Filha de Gilberto Gil e de Sandra Gadelha, Preta foi diagnosticada com câncer no intestino em 2023. Após um período de remissão, a doença voltou em 2024 com metástases, exigindo novas cirurgias e um tratamento inovador no exterior. Ela estava nos EUA desde maio, mas sempre manteve fortes laços com sua cidade natal, o Rio de Janeiro, onde construiu sua carreira e fundou o icônico Bloco da Preta, que reuniu multidões no carnaval carioca.
Ao longo da carreira, Preta Gil lançou quatro álbuns de estúdio e diversos registros ao vivo, além de se destacar como empresária à frente da Mynd, uma das principais agências de marketing digital do país. Sua voz, tanto no palco quanto fora dele, era marcada por posicionamentos firmes contra o preconceito e pela defesa de causas sociais, tornando-se referência para mulheres, artistas e minorias.

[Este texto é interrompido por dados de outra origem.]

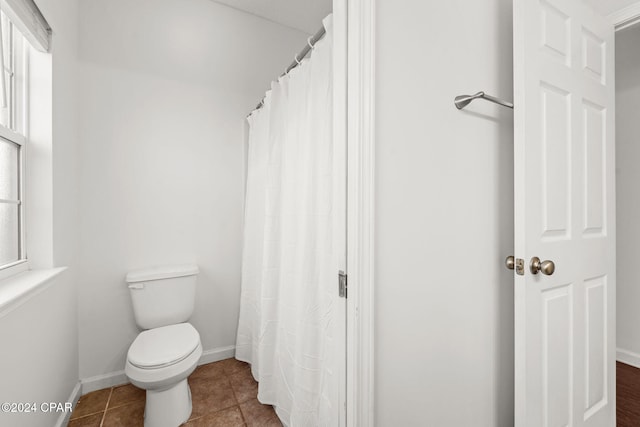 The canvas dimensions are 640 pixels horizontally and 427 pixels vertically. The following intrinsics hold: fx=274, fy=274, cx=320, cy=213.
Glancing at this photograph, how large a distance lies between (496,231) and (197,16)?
96.3 inches

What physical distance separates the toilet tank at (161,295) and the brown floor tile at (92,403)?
454 millimetres

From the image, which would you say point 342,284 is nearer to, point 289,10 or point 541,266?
point 541,266

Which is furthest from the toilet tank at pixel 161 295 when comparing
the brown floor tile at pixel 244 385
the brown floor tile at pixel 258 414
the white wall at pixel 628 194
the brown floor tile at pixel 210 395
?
the white wall at pixel 628 194

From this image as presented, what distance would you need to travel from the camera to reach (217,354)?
7.06 ft

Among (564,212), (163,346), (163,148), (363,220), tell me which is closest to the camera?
(363,220)

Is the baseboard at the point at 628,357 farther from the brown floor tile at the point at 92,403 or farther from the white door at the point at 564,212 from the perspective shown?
the brown floor tile at the point at 92,403

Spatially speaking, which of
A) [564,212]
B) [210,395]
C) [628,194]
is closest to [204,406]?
[210,395]

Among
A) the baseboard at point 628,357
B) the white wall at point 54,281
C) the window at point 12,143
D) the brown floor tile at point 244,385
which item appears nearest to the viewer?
the white wall at point 54,281

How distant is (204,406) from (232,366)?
436 millimetres

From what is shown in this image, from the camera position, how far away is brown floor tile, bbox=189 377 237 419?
63.6 inches

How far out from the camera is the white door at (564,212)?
3.29 ft

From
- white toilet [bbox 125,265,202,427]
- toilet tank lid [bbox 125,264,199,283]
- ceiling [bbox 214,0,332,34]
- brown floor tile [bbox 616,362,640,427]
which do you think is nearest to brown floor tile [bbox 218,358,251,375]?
white toilet [bbox 125,265,202,427]

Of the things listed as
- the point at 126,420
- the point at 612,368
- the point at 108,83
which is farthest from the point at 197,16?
the point at 612,368

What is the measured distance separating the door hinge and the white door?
674 millimetres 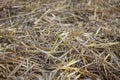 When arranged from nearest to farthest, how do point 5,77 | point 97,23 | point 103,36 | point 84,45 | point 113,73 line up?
point 5,77 < point 113,73 < point 84,45 < point 103,36 < point 97,23

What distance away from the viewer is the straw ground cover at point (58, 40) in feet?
5.11

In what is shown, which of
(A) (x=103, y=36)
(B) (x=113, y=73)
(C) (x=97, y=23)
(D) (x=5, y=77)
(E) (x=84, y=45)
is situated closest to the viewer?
(D) (x=5, y=77)

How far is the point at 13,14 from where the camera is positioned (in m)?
2.12

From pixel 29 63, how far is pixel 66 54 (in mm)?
236

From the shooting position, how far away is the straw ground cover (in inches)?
61.4

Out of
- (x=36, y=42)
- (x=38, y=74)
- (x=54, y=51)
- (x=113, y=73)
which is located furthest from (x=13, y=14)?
(x=113, y=73)

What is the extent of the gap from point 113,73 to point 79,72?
204mm

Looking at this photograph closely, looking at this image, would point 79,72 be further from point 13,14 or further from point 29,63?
point 13,14

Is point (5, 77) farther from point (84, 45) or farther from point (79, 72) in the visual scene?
point (84, 45)

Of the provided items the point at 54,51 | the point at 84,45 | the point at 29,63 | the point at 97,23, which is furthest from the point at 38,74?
the point at 97,23

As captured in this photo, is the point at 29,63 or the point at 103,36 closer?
the point at 29,63

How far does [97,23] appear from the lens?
206 centimetres

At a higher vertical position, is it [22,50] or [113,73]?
[22,50]

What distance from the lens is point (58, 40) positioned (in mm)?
1785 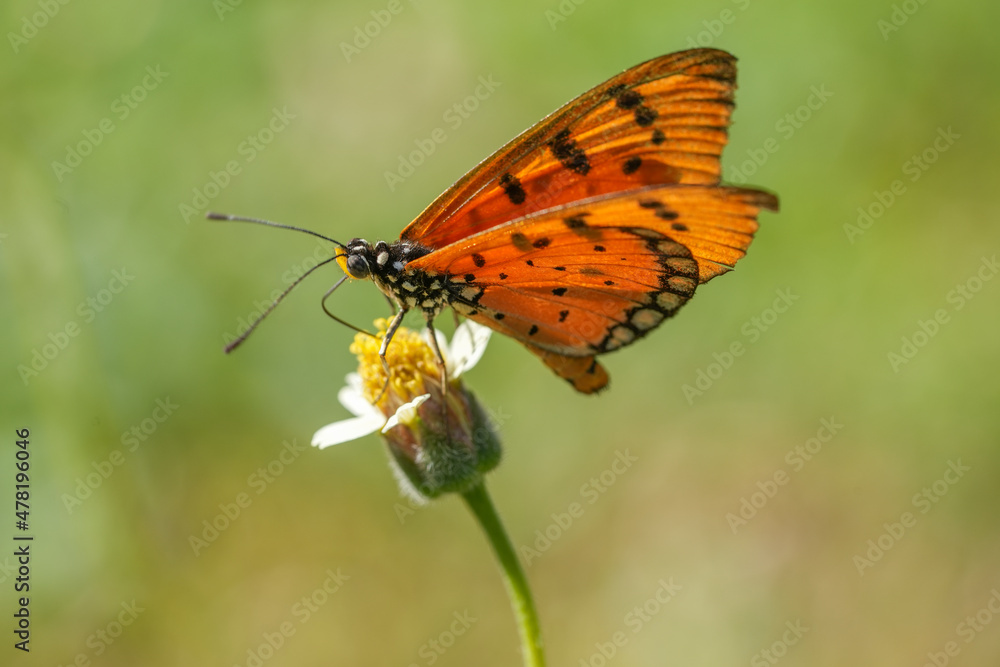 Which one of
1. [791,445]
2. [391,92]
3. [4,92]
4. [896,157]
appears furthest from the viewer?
[391,92]

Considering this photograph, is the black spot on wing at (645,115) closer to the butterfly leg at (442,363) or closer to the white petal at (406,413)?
the butterfly leg at (442,363)

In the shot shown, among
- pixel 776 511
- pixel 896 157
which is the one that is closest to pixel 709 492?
pixel 776 511

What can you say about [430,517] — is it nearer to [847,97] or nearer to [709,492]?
[709,492]

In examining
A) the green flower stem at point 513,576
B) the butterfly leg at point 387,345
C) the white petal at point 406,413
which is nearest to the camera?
the green flower stem at point 513,576

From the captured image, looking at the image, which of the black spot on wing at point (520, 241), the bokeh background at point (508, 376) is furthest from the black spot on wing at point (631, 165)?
the bokeh background at point (508, 376)

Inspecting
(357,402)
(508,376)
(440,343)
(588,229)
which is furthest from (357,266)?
(508,376)

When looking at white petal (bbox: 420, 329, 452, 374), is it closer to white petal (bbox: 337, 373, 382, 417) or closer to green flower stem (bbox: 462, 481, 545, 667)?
white petal (bbox: 337, 373, 382, 417) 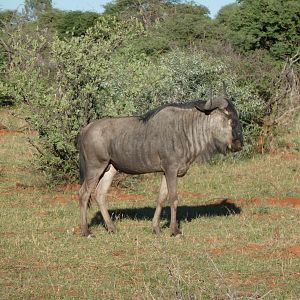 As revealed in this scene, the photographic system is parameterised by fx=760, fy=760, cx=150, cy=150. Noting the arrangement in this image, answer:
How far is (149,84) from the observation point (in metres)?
11.7

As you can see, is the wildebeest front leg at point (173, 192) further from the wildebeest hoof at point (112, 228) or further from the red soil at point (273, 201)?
the red soil at point (273, 201)

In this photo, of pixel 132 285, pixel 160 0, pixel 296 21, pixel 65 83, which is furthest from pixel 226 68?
pixel 160 0

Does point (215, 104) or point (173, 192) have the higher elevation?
point (215, 104)

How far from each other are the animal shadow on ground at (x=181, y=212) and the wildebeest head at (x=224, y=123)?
1.19m

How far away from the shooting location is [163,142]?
851 centimetres

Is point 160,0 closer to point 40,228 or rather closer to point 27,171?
point 27,171

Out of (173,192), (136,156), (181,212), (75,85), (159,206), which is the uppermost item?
(75,85)

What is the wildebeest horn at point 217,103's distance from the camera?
8.48 meters

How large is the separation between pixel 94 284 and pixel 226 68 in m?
9.26

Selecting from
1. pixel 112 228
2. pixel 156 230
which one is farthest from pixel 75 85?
pixel 156 230

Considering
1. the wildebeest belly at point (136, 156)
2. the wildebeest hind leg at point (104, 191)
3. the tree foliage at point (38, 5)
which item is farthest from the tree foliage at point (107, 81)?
the tree foliage at point (38, 5)

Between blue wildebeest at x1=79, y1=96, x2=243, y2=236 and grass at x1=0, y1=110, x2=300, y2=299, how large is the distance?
23.2 inches

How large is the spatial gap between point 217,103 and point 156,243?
181cm

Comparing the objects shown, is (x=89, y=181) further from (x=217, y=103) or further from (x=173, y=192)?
(x=217, y=103)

A notícia de sua morte gerou comoção em todo o país e rendeu homenagens emocionadas de artistas, amigos, autoridades e fãs. Bela Gil, irmã de Preta, escreveu: “Minha maior grande perda. Minha eterna inspiração e alegria.” Carolina Dieckmann, que esteve ao seu lado nos últimos dias, destacou a coragem da amiga: “Foi o maior presente do mundo estar com você. Descansa, meu amor.” O presidente Lula também se pronunciou, ressaltando que Preta “espalhou alegria mesmo nos momentos mais difíceis.”
A ministra da Cultura, Margareth Menezes, a descreveu como uma das artistas mais autênticas do país, enquanto a ministra da Igualdade Racial, Anielle Franco, lembrou da força de Preta ao enfrentar preconceitos com ternura e voz ativa. Amada por onde passava, Preta Gil deixou um legado de liberdade, afeto e resistência. Sua ausência será sentida nos palcos, nos trios elétricos e no coração de milhões de brasileiros.